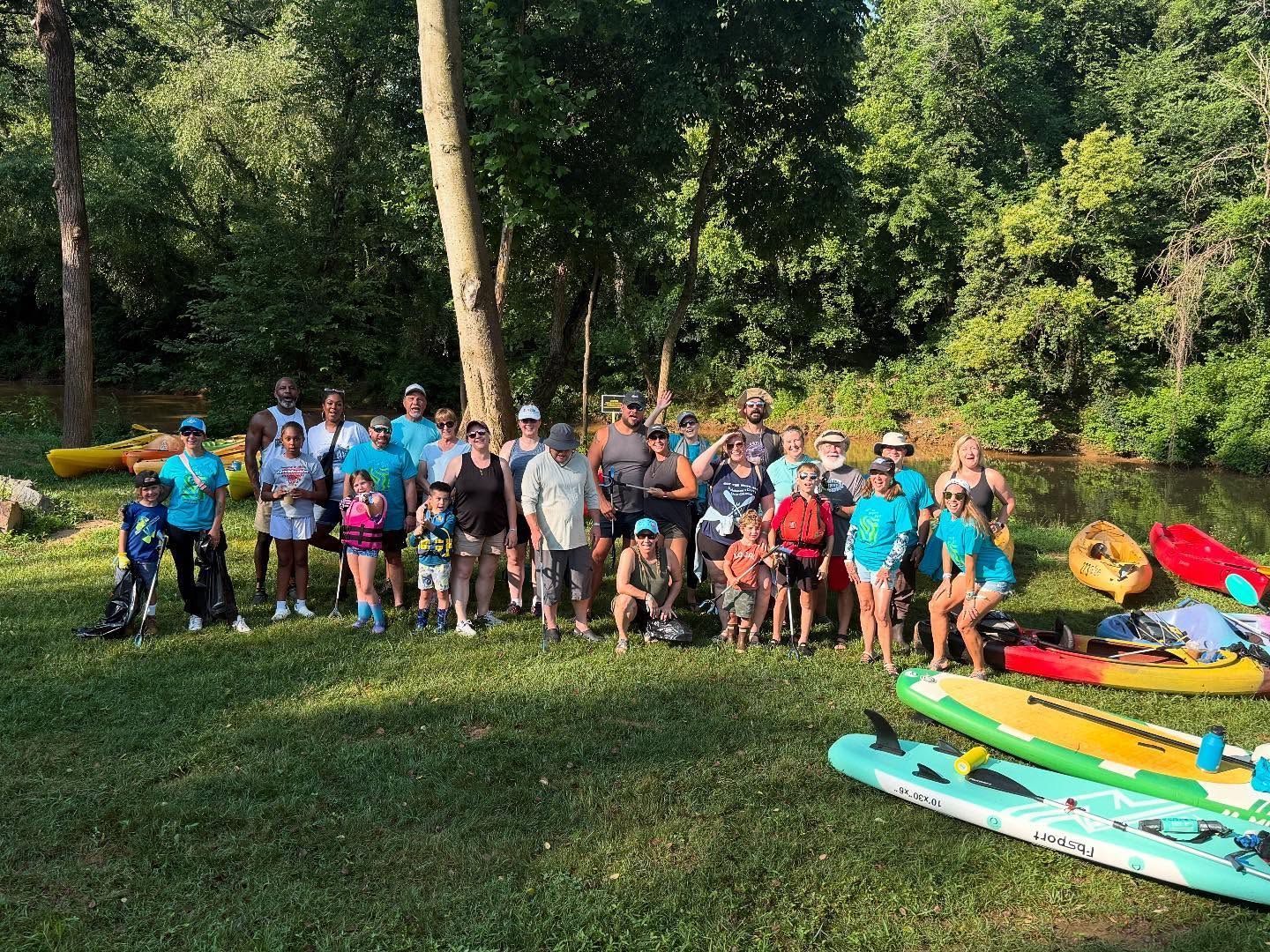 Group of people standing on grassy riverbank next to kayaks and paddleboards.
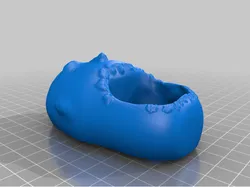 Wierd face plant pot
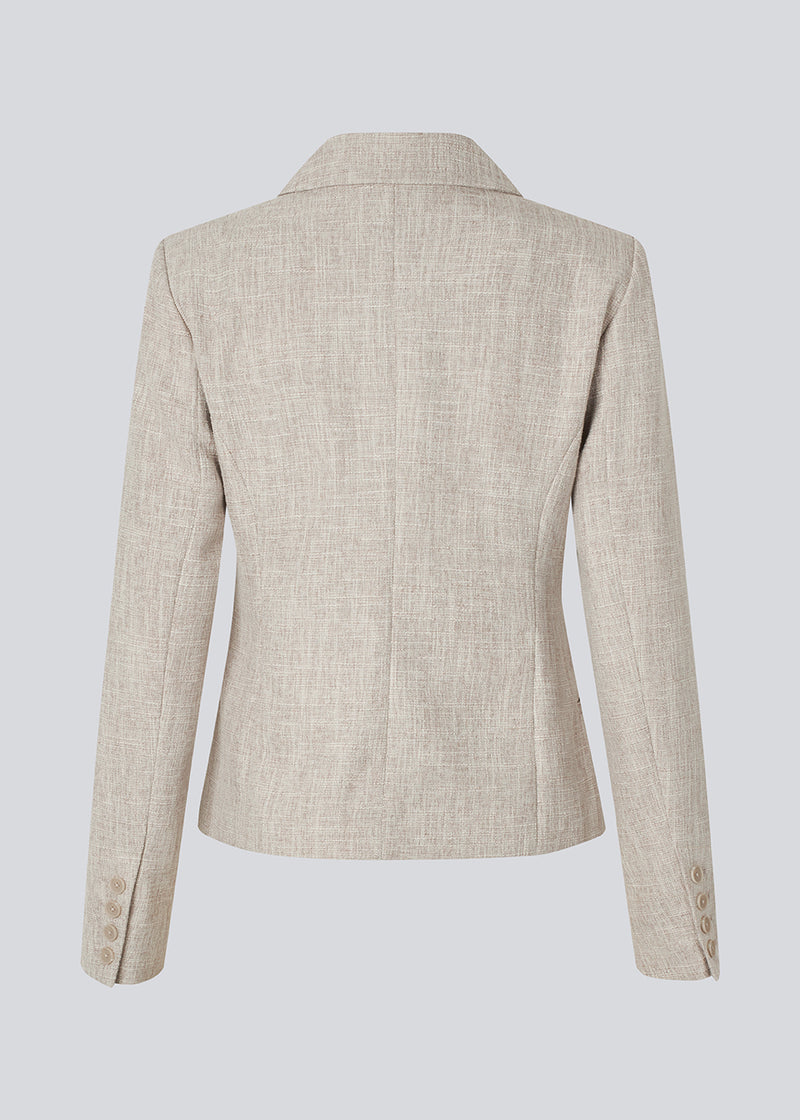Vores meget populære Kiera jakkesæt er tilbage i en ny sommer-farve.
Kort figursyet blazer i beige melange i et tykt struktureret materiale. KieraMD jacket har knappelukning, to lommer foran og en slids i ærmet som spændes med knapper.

◆ Your goal:
Retype all the data exactly; skip the pictures.

◆ Answer below:
 Group of people standing on grassy riverbank next to kayaks and paddleboards.
 Wierd face plant pot
Vores meget populære Kiera jakkesæt er tilbage i en ny sommer-farve.
Kort figursyet blazer i beige melange i et tykt struktureret materiale. KieraMD jacket har knappelukning, to lommer foran og en slids i ærmet som spændes med knapper.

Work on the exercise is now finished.